Steckbrief - Inklusion

AWO|INKLUSIV – Praxisbeispiele für eine inklusivere Gesellschaft
Mitten im Leben und Teil der Gesellschaft
Die Offenen Angebote für Jugendliche und junge Erwachsene mit Behinderung der
AWO in Kulmbach
Die Idee
Genauso wie andere Jugendliche wünschen sich auch viele Jugendliche
mit Behinderung ein eigenes Leben und einen eigenen Freundes- und
Bekanntenkreis jenseits der Familie.
Die Offene Behindertenarbeit (OBA) der AWO in Kulmbach hat ihre Angebote besonders auf diese Bedürfnisse ausgerichtet.
Jugendlichen und jungen Erwachsenen mit Behinderung wird über das
Programm der OBA die Möglichkeit geboten, außerhalb der Familie aber
trotzdem in einem sicheren und unterstützenden Rahmen aktiv zu sein
und Erfahrungen zu sammeln.
»Die brauchen genauso ihren Freundeskreis wie alle anderen auch. (…)
Das Leben findet doch nicht zuhause statt!«
Die Mutter eines Jugendlichen mit Behinderung im Interview
OBA in der Praxis
Die Angebote der Offenen Behindertenarbeit sind darauf angelegt, Menschen mit Behinderung den Zugang zu
den unterschiedlichsten Bereichen des sozialen und kulturellen Lebens zu ermöglichen.
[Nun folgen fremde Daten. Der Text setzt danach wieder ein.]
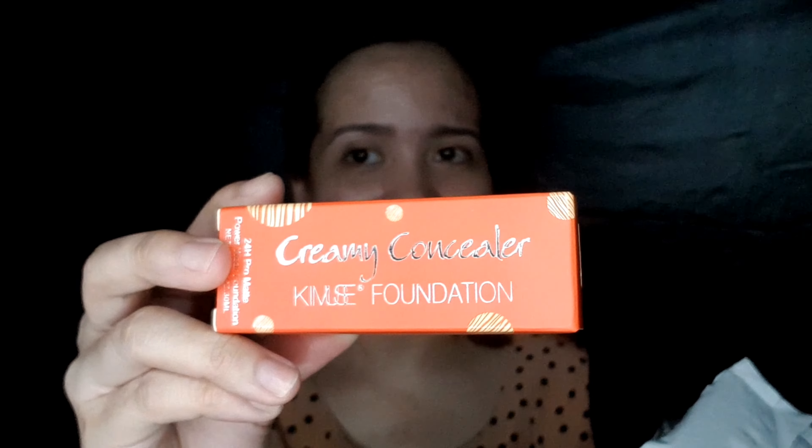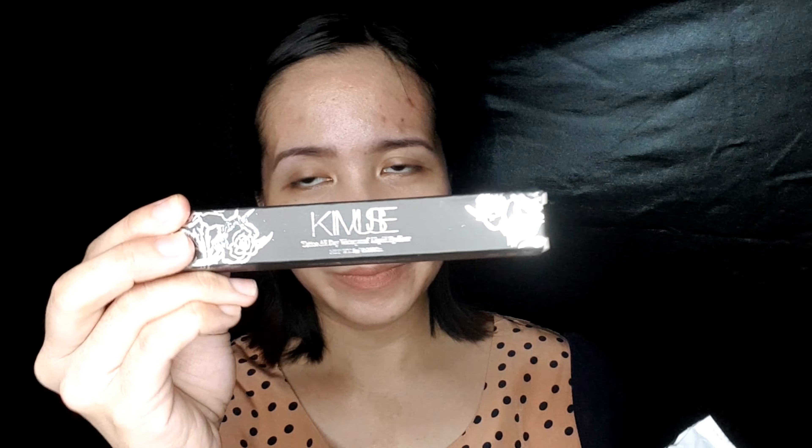So the first item is the Creamy Concealer Kimuse Foundation. The next one is the Kimuse Tattoo All Day Waterproof Liquid Eyeliner. And the third item is the Kimuse Fresh Creamy Concealer.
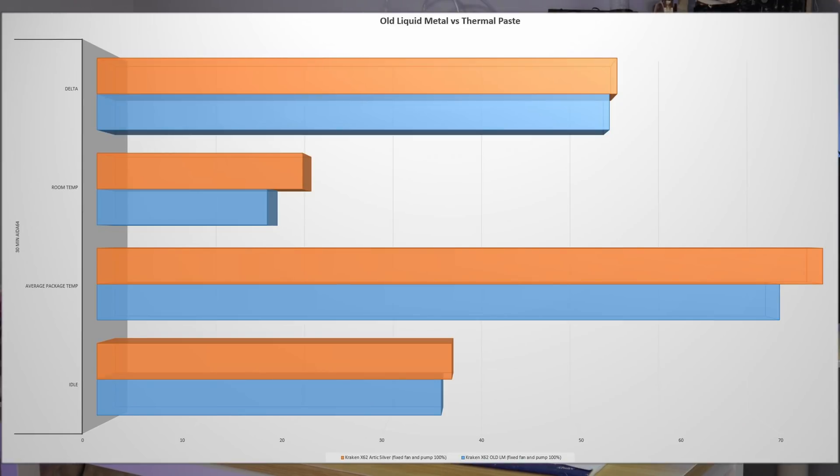So if we look at what it was when we had liquid metal in there, we can see that we're actually slightly higher - but only slightly. I don't even know if you'd really count it. It's pretty much a wash. It did about the same with the old liquid metal versus the new paste. So in the end, really no change - it did just as good regardless of what thermal compound we used.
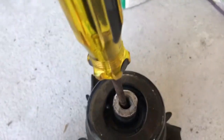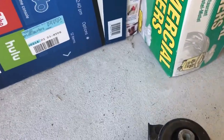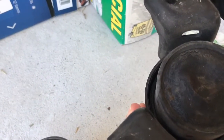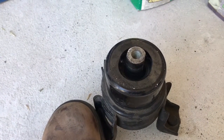Here's the engine mount that came out of that Toyota Camry, and you can tell it's completely shot. First of all, on the bottom, you've got this membrane that's completely worn out. I'm not really sure if the hydraulic fluid had leaked out or dried up or what.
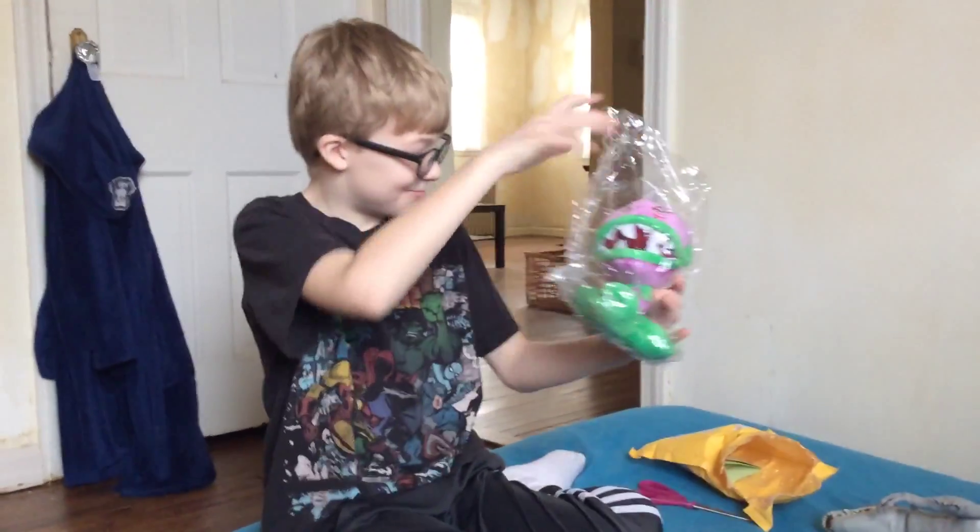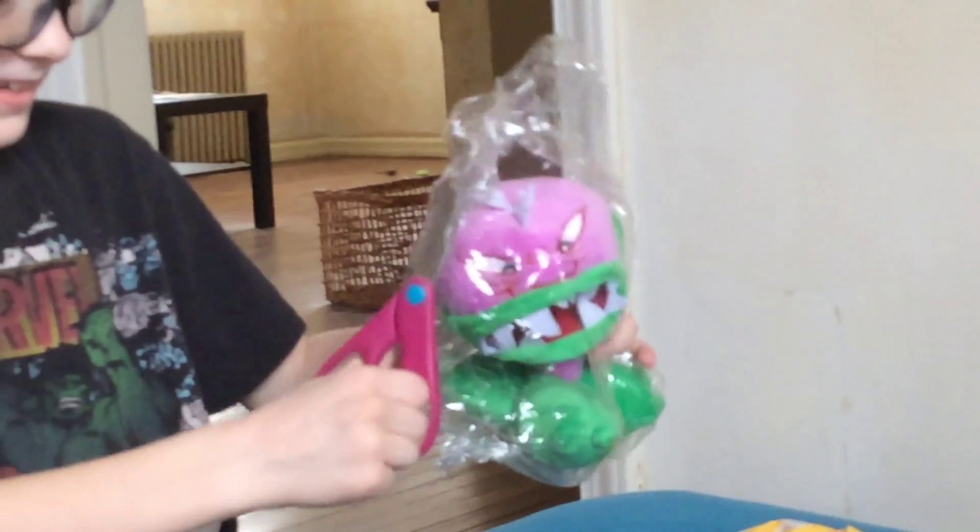Hey guys, it's ViciousTurtle here, and I just got this Amazon package in the mail. And what's inside is the Plants vs. Zombies Chomper.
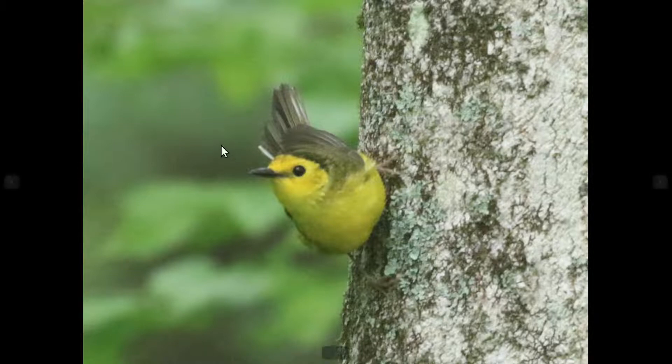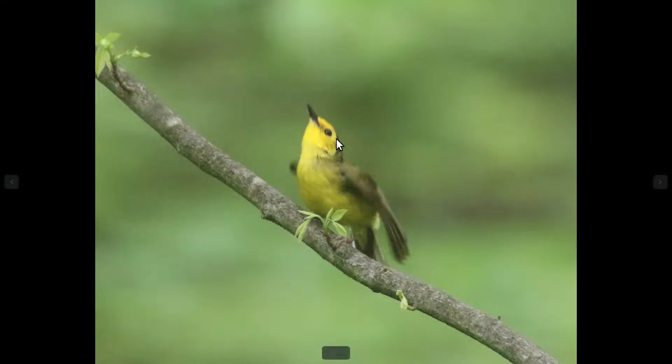So just kind of a weaker version of that strong black hood that the males show. They typically don't have any black in the throat, so you can see kind of this fainter hood. This one has quite a bit of black actually for the females, and this one as well. You can see kind of that outline of the hood, no black in the throat.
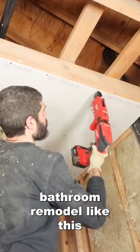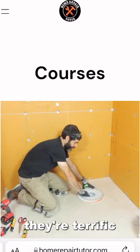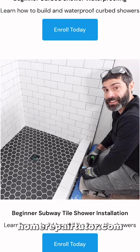Now, if you're doing a bathroom remodel like this and you want to make it a lot easier, check out our online courses over at Home Repair Tutor. They're terrific and I promise you, they'll definitely help you out. So visit HomeRepairTutor.com.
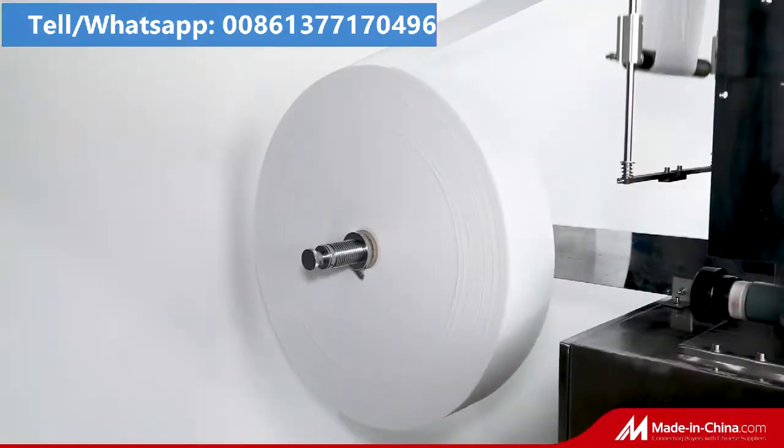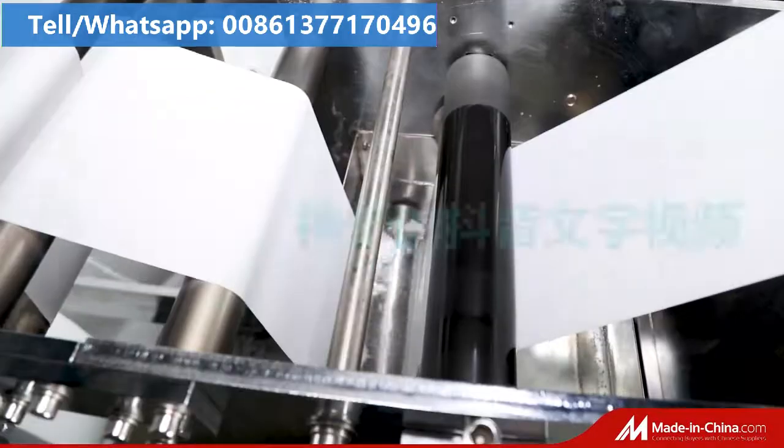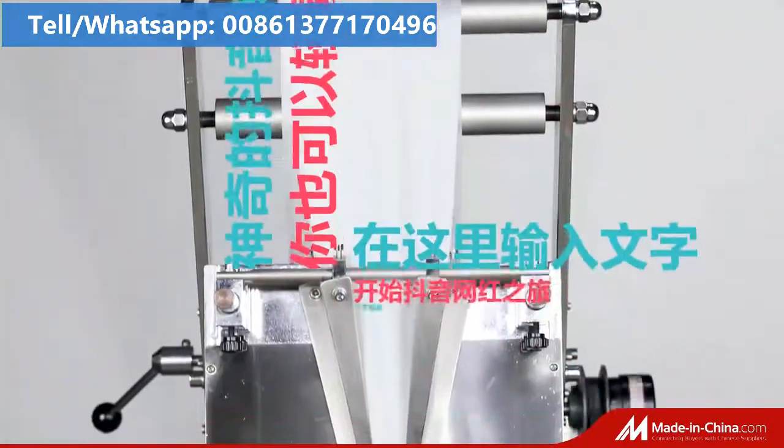This machine is designed for 1 to 10 pieces wet wipes packing, and can also be used for chopsticks, spoons, forks, etc.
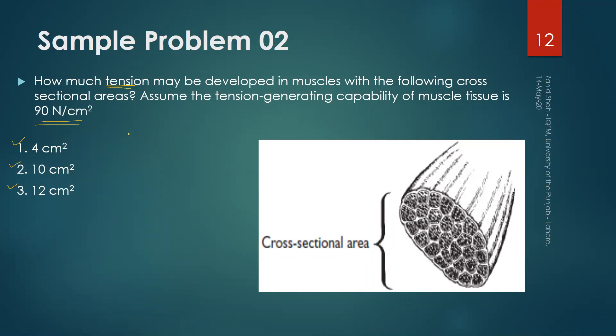We know that stress equals force per unit area, so force equals stress times area. In the first case: 90 N/cm² times 4 cm² equals 360 Newtons. In the second case: 90 N/cm² times 10 cm² equals 900 Newtons. In the third case: 90 times 12 equals 1080 Newtons.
Die Teilnehmer werden dabei von Mitarbeitenden mit pädagogischer Ausbildung und Menschen ohne Behinderung begleitet.
Wichtiger als die jeweiligen Rollen als Unterstützender oder Unterstützter ist dabei das gemeinsame Erleben
und Gestalten der zusammen verbrachten Zeit.
Die OBA-Dienste stellen entsprechend der Interessen und Bedürfnisse der Teilnehmenden Programme zusammen, an denen alle Interessierten im Einzugsbereich teilnehmen können. Die OBA der AWO in Kulmbach hat
sich dabei auf die Gruppe der Kinder, Jugendlichen und jungen Erwachsenen mit Behinderung spezialisiert.
Der Schwerpunkt des Angebots für die Jugendlichen liegt auf alterstypischen Aktivitäten wie Ausflüge in
Schwimmbäder, Kinobesuche, Bowlingabende oder gemeinsame Abende in Lokalen mit einem jungen Publikum.
Innerhalb des Teilnehmendenkreises haben sich im Laufe der Zeit viele Freundschaften entwickelt. Einige der
Jugendlichen kennen sich auch schon aus der Schule oder Ausbildung. Entsprechend bilden die OBA-Gruppen bei den gemeinsamen Aktivitäten nicht nur eine Zufallsgemeinschaft, sondern eine Clique von Jugendlichen und jungen Erwachsenen mit ähnlichen Alltagserfahrungen, die sich entsprechend gut in die Situation
des jeweils anderen einfühlen können und sich daher auch viel zu erzählen haben.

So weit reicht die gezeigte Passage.